#### Problem statement
Word for word, give the data again without its pictures.

#### Data provided

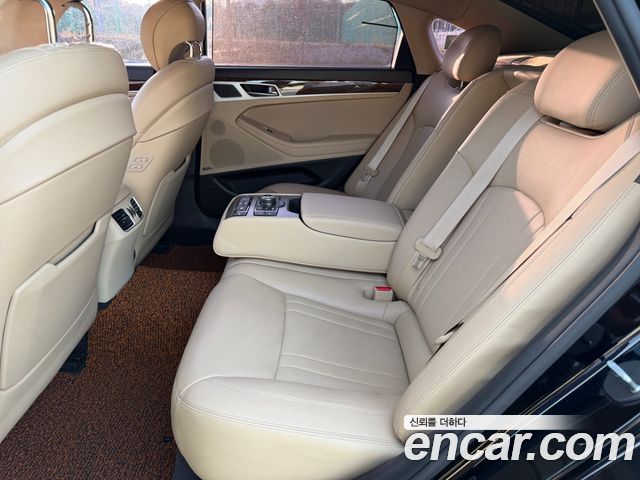 Hyundai Genesis 2015 — photo 10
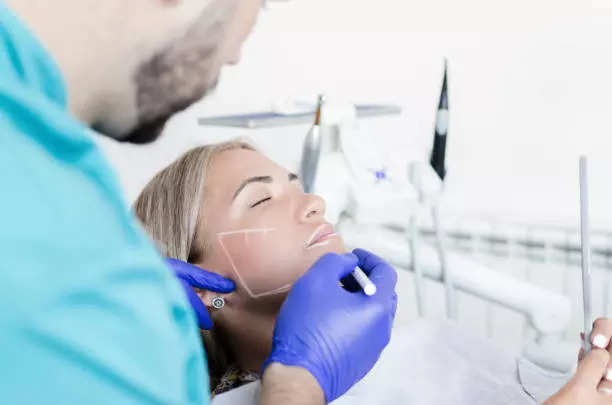 Doctors say that buccal fat removal surgery is a non-invasive procedure and takes less than an hour to perform – recovery can take up to a week and most patients are left with minimal or no scars whatsoever.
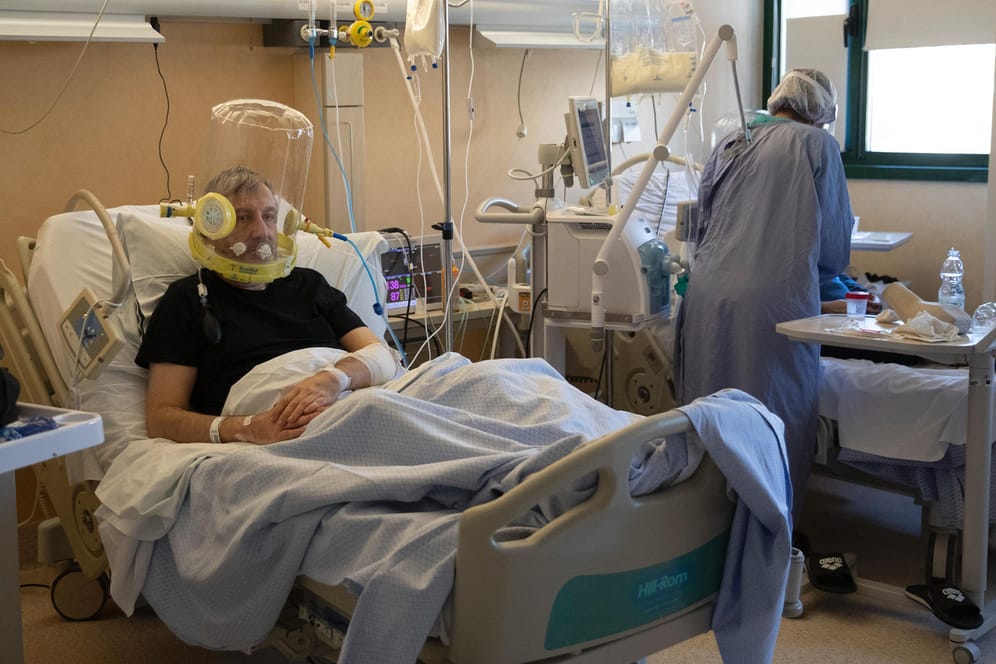 Krankenhaus in Rom: Ein Patient erhält Sauerstoff, das Land wurde von der zweiten Welle des Coronavirus schwer getroffen.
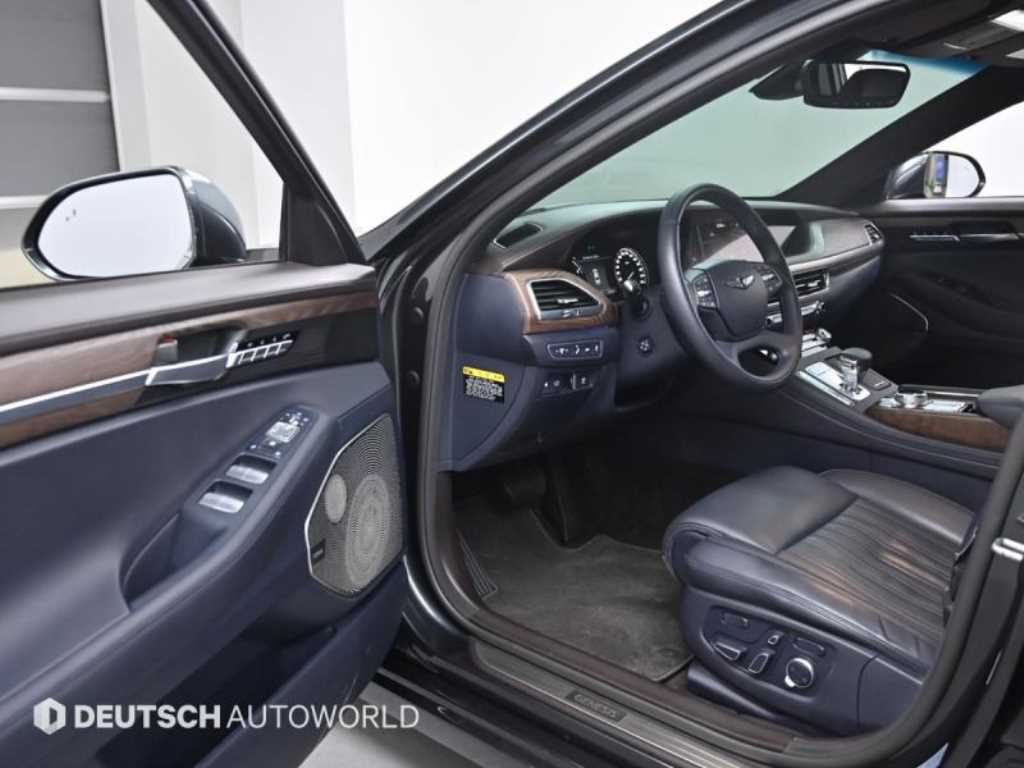 Genesis G90 - Vista 11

#### Exercise solution
 Hyundai Genesis 2015 — photo 10
 Doctors say that buccal fat removal surgery is a non-invasive procedure and takes less than an hour to perform – recovery can take up to a week and most patients are left with minimal or no scars whatsoever.
 Krankenhaus in Rom: Ein Patient erhält Sauerstoff, das Land wurde von der zweiten Welle des Coronavirus schwer getroffen.
 Genesis G90 - Vista 11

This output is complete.